Valor 02/01
A partir de hoje, os cerca de 13 milhões de servidores públicos brasileiros vão poder escolher livremente o banco no qual querem receber seus salários. É o início de uma disputa entre instituições financeiras que já dá pistas de que pode chegar ao bolso dos correntistas.
Para enfrentar o assédio dos concorrentes sobre sua clientela e para conquistar novos correntistas, os bancos já montam pacotes de serviços com redução de tarifa. Hoje, o Santander coloca no ar uma campanha com promoções, que incluem tarifa zero e cartão de crédito sem mensalidade para os assalariados. No Rio, o Itaú Unibanco já faz contrapropostas para os 460 mil servidores estaduais que passaram hoje a ter conta no Bradesco - que, procurado, preferiu não se pronunciar. O Banrisul, que tem uma base de 500 mil funcionários públicos, também monta novas tarifas. E a Caixa vai isentar de tarifas na cesta básica de serviços por um ano os servidores que optarem por receber pelo banco.

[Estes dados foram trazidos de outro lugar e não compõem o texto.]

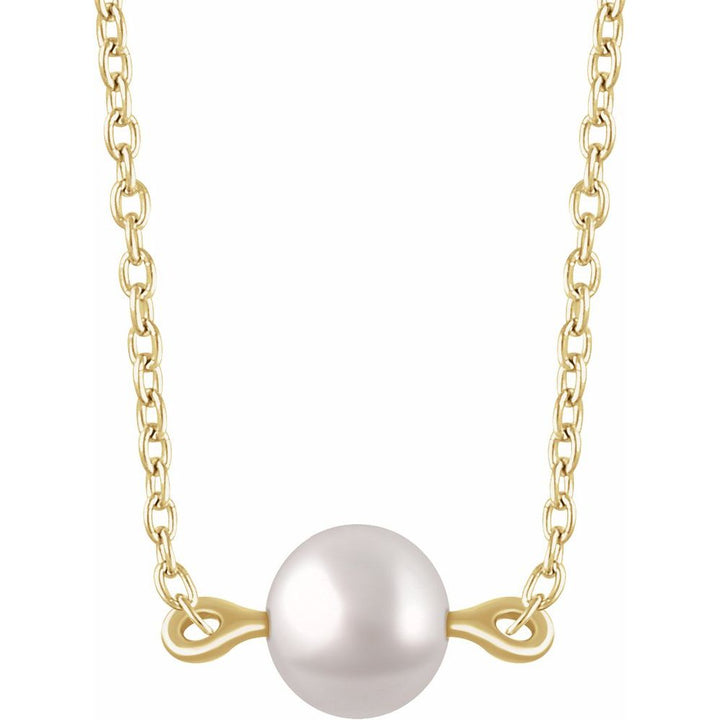 14k Gold Freshwater Cultured Pearl Necklace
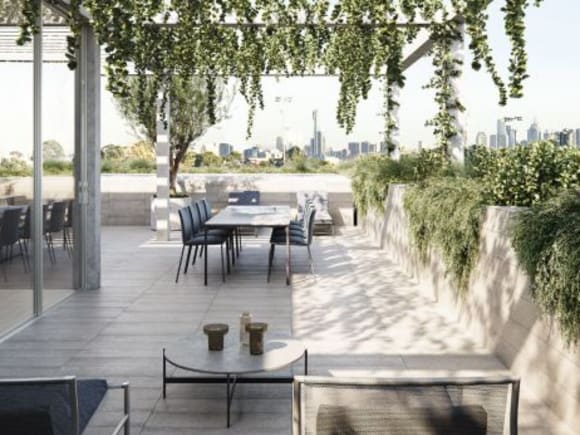 835 High Street outdoor living space render Speedy sales of luxury residences will see construction begin ahead of schedule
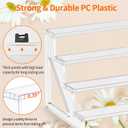 2 x Display Stand Organizer Room Decor - 4 Tier Acrylic Shelves Clear Display Risers, Perfume Organizer Stand,Cupcakes Stand Holder, Desserts Shelves Organizer and Decor for Bedroom, Bathroom, Party, 1 Pack(9 Inch ,1 Pack)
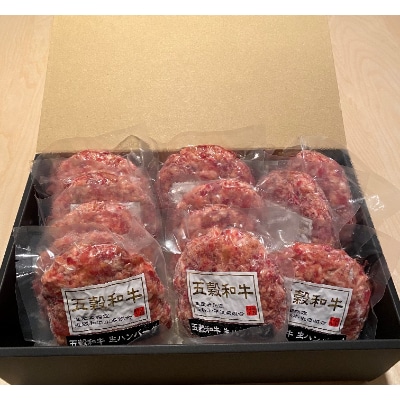 五穀和牛　生ハンバーグ　12個セット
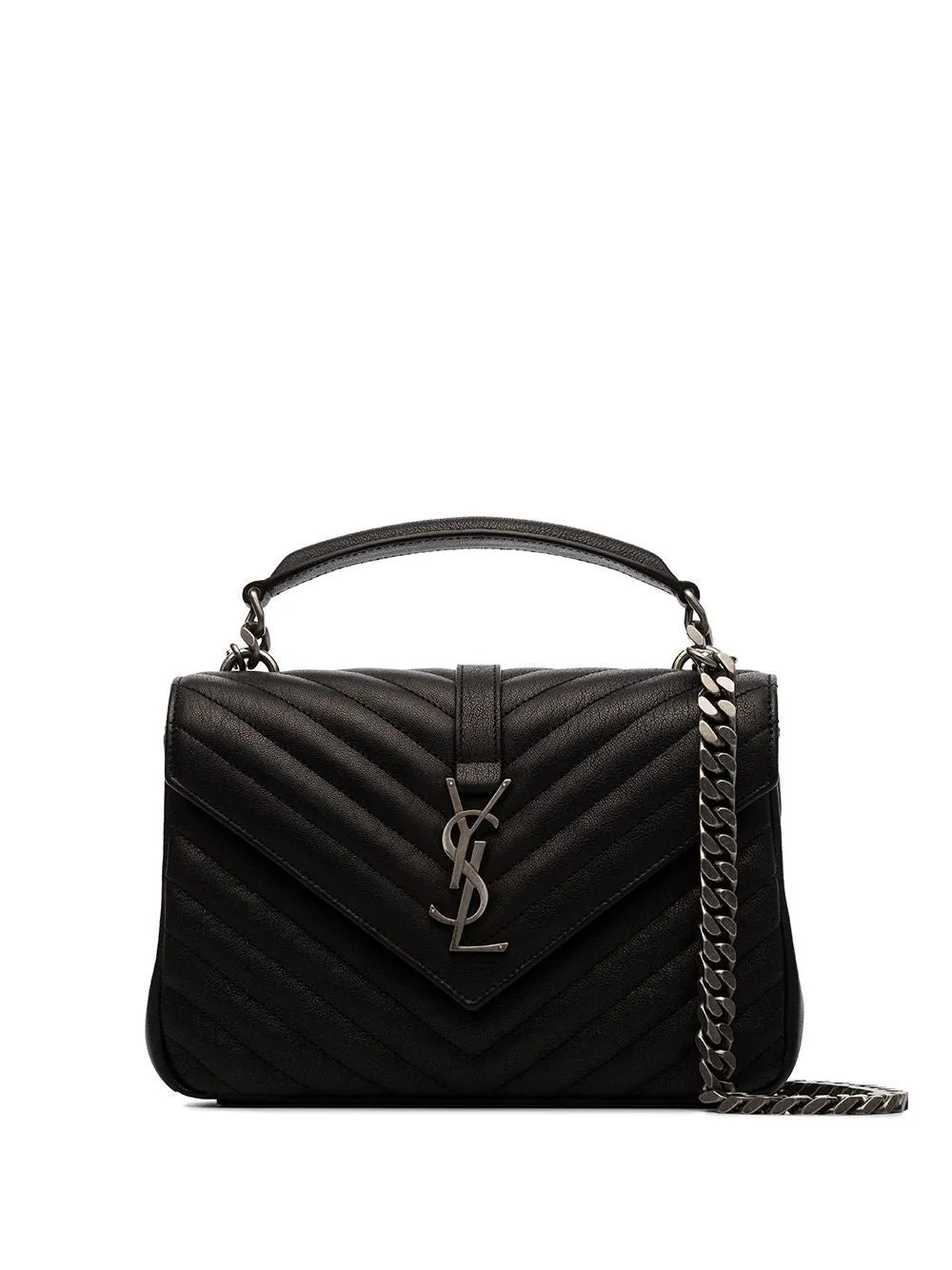College medium leather shoulder bag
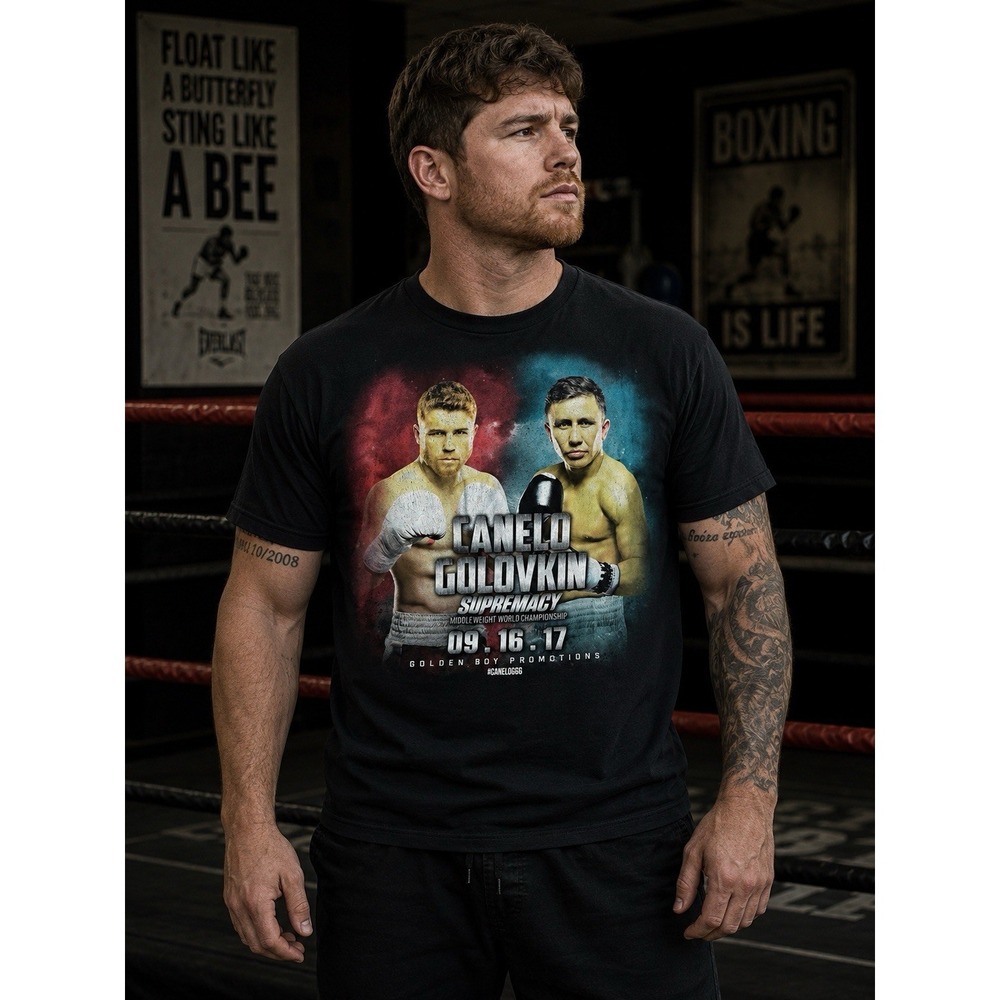 Canelo vs GGG Golovkin Supremacy 2017 Fight T-Shirt Fanatics 2XL Black -2617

Não é um público qualquer que está em questão. São trabalhadores que ganham R$ 2,3 mil por mês, enquanto a média brasileira é de R$ 1,6 mil, segundo dados do Ministério do Trabalho. Só em crédito consignado, aquele com desconto direto na folha de pagamento dos trabalhadores, os servidores consomem R$ 136 bilhões de uma carteira total de R$ 160 bilhões.

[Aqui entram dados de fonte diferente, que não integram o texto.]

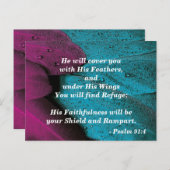 Bedek me met uw veren briefkaart (Voorkant / Achterkant)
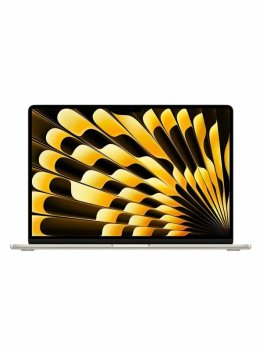 Ноутбук Apple MacBook Air 15 15.3", Apple M3 (8 CPU, 10 GPU), RAM 8 ГБ, SSD 256 ГБ, Apple M3, MacOS, (MRYR3ZP/A), золотой, Русская раскладка
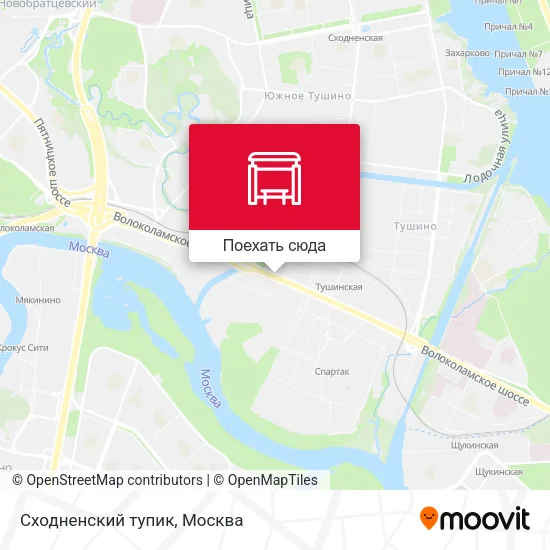 Карта Сходненский тупик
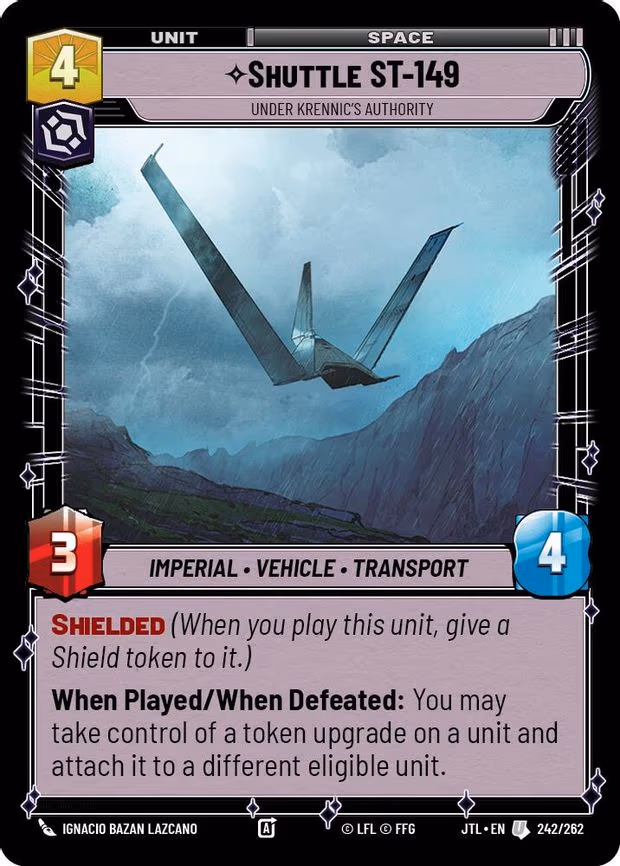 Shuttle ST-149 - Under Krennic's Authority - Uncommon (242/262)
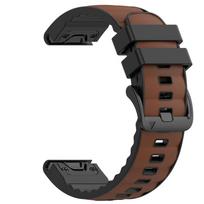 22/26 mm odinis+silikoninis dirželis Garmin Fenix 8 47 mm 51 mm 7 7X 6 6X 5 5X Plus Enduro 3 Tactix 9 Forerunner 965 955 970 apyrankė 26mm šviesiai ruda spalva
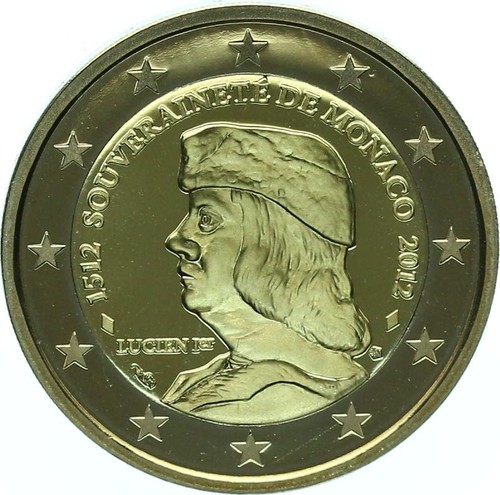 Monaco gedenkmünze euro - 2,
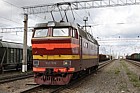 Changing electric locomotive at Svir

"Acho que vai ter uma competição muito acirrada daqui para a frente", afirmou Roberto Setubal, presidente do Itaú Unibanco em entrevista recente ao Valor. "A hora que você permite essa competição mais direta, o beneficiário maior será o correntista, que poderá receber ofertas mais agressivas dos bancos."
Para as instituições, está claro que o preço das tarifas vai cair. Porém, o menor preço que os clientes vão pagar não necessariamente pode se reverter em queda de receitas para as instituições. Além do custo das transações, os bancos avaliam que também vão contar outros quesitos, como qualidade do serviço e oferta de crédito. "Se prestarmos um bom serviço, vamos gerar mais resultado". Não estamos pensando em reduzir", disse Pedro Coutinho, diretor-executivo de varejo do Santander.
Essa nova competição que começa em torno dos clientes não significa, porém, que os bancos ficarão completamente livres de uma outra disputa, que se dá nos leilões promovidos por Estados e municípios por suas folhas de pagamento. A percepção dos executivos ouvidos pelo Valor é que essas disputas milionárias vão se reduzir, mas não acabar. Isso porque ter o cadastro do cliente, com renda, telefone e endereço facilita a conquista dele. Mesmo não garantindo que o cliente manterá o dinheiro na conta depois de o banco pagar milhões ao Estado ou município, dados valiosos estão em jogo. Mas que podem passar a valer menos com o início da portabilidade.
E não é só isso. Muitas vezes, só quem ganhou a folha de um determinado local pode instalar agências e caixas eletrônicos dentro da repartição pública. "Quando se trata de pessoas físicas, estar fisicamente perto do cliente é importante", disse Sérgio Nazaré, diretor de clientes do Banco do Brasil.
Apesar disso, o Banco do Brasil não está disposto a entrar em novos leilões de folhas de pagamento neste momento. Dono da maior carteira de servidores do país, com 6,7 milhões de correntistas, vai se concentrar agora na manutenção da clientela que já tem ou na conquista dela.
A retenção dos correntistas também inquieta o Banrisul, banco que detém as folhas de pagamento do governo estadual e de 85% das 496 prefeituras do Rio Grande do Sul. "A portabilidade preocupa, mas temos produtos e serviços diferenciados para os servidores", afirmou Jone Pfeiff, diretor comercial do Banrisul. Num universo de 3 milhões de clientes, quase 500 mil são funcionários públicos que recebem seus salários pelo banco, sendo 354 mil estaduais e 140 mil municipais. Só a folha do governo do Estado - que controla o Banrisul - chega, em média, a R$ 1,1 bilhão brutos por mês.
Neste mês, segundo Pfeiff, a instituição começou a enviar correspondências com ofertas para esses clientes, incluindo limites mais altos de cheque especial, financiamento imobiliário e de veículos com prazos e taxas especiais, empréstimos consignados e cartões de crédito sem anuidade e com juros mais baixos.
Ninguém acredita, porém, que de uma hora para a outra milhares de clientes vão mudar de banco só por causa do início da portabilidade. "Funcionários da iniciativa privada já podem fazer isso, mas poucos efetivamente tiram proveito dessa alternativa. Precisa de um tempo. É como aconteceu com o celular", disse Coutinho, do Santander, referindo-se à portabilidade dos números de telefones entre as diferentes operadoras.